The anodes with high overpotentials for oxygen evolution, such as β-PbO2, Ti/SnO2, and boron-doped diamond (BDD), are intensively investigated and employed in the EAOP [10-12]. Concerning the typical "nonactivity" characteristic, the BDD is the state-of-the-art EAOP catalyst, since it can produce quantity of "quasi-free" ·OH [4]. Learning from previous studies, the "nonactive" characteristic of BDD anode was attributed to the surface carbon configuration, the sp2 and sp3 carbon on BDD surface [13]. Nevertheless, overcoming its inherent high cost and manageability remain as main challenges to achieve a pilot-scale operation [13], thus the development of other carbonaceous EAOP anode is highly desirable.

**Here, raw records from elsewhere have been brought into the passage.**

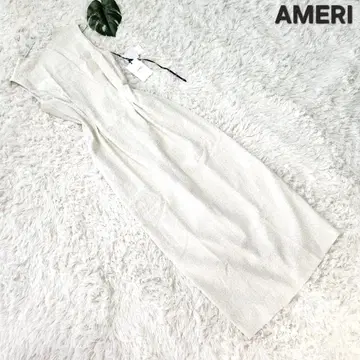 아메리 AMERI 오리지널 펀칭 치노 드레스 슬리브리스 롱 원피스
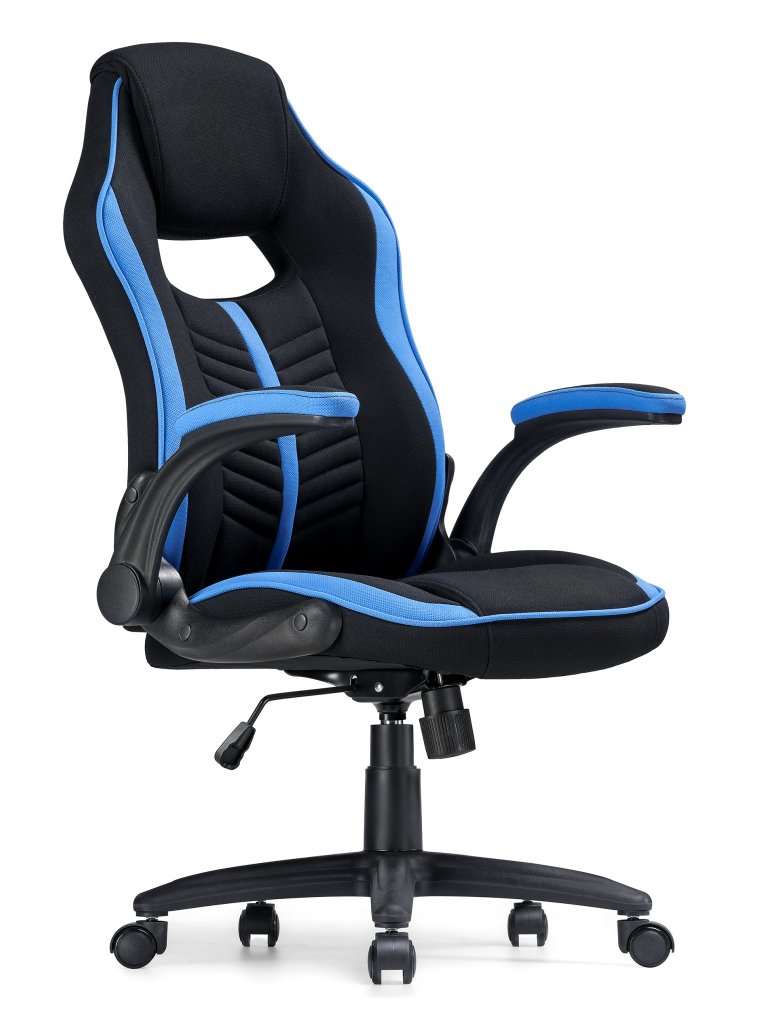 Компьютерное кресло Plast черный / голубой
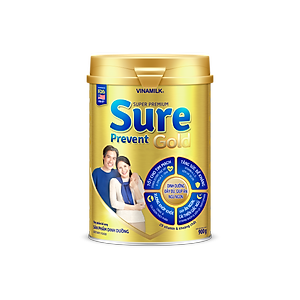 Sữa bột cho người lớn tuổi Vinamilk Sure Prevent 900g (Hộp thiếc) - bổ sung dinh dưỡng và tăng cường sức khỏe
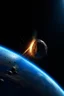 Placeholder: impact earth hit by large meteor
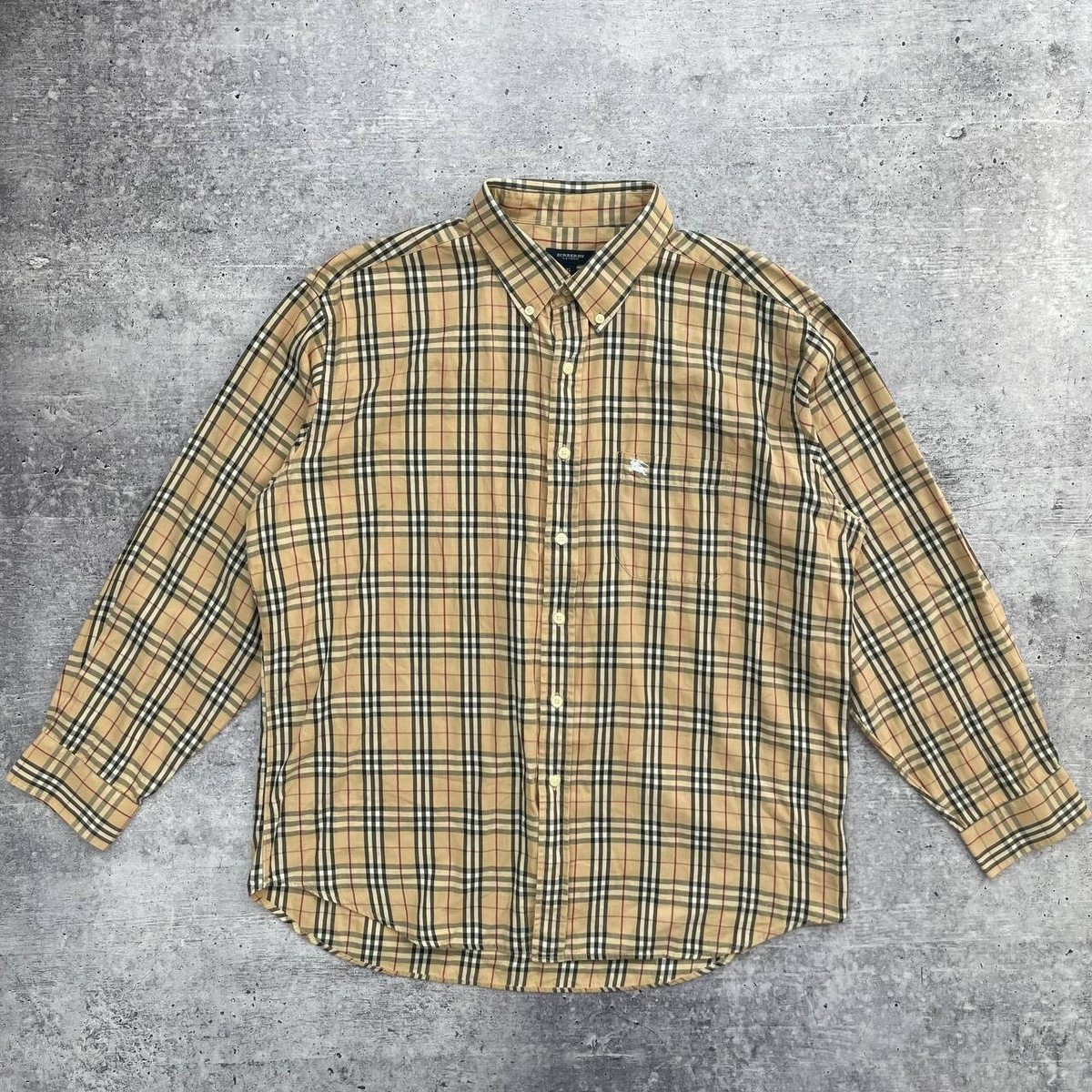 Rare Burberry London shirt Nova Check 100% Cotton Luxury | eBay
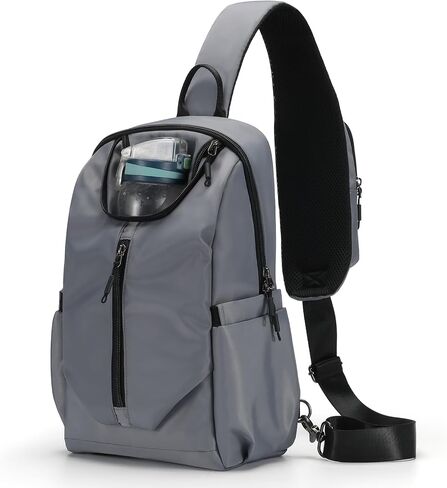Anti Theft Sling Bag Sling Backpack Crossbody Shoulder Bag for Men Women Traveling Cycling Hiking Daypack | Anti Theft in Saudi Arabia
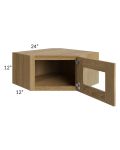 Catalina Toffee 24x12 Decorative Wall Diagonal Corner Cabinet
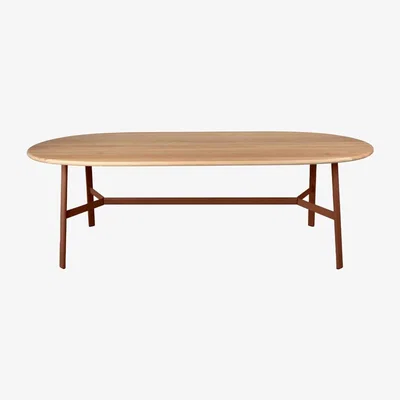 Made in Design So'O Oval table wood orange / 220 x 95 cm - 9 to 10 people - Fermob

Graphdiyne (GDY), since found by Li's group, which could be obtained by a facile cross-coupling reaction on copper foil using hexaethynylbenzene as the precursor [14, 15]. GDY electrode material is regarded as an emerging "star" carbonaceous material in lithium-ion battery anodes, hydrogen evolution reaction (HER), and oxygen reduction reaction (ORR) due to its unique 2-dimension (2D) molecular configuration of sp and sp2 carbon [15, 16]. Inspired by the surface carbon hybridization configuration of BDD, it is anticipated that GDY is another alternative EAOP anode for producing abundant hydroxyl radicals. Therefore, the theoretical predictive work to evaluate GDY as a desired EAOP anode is highly appreciated.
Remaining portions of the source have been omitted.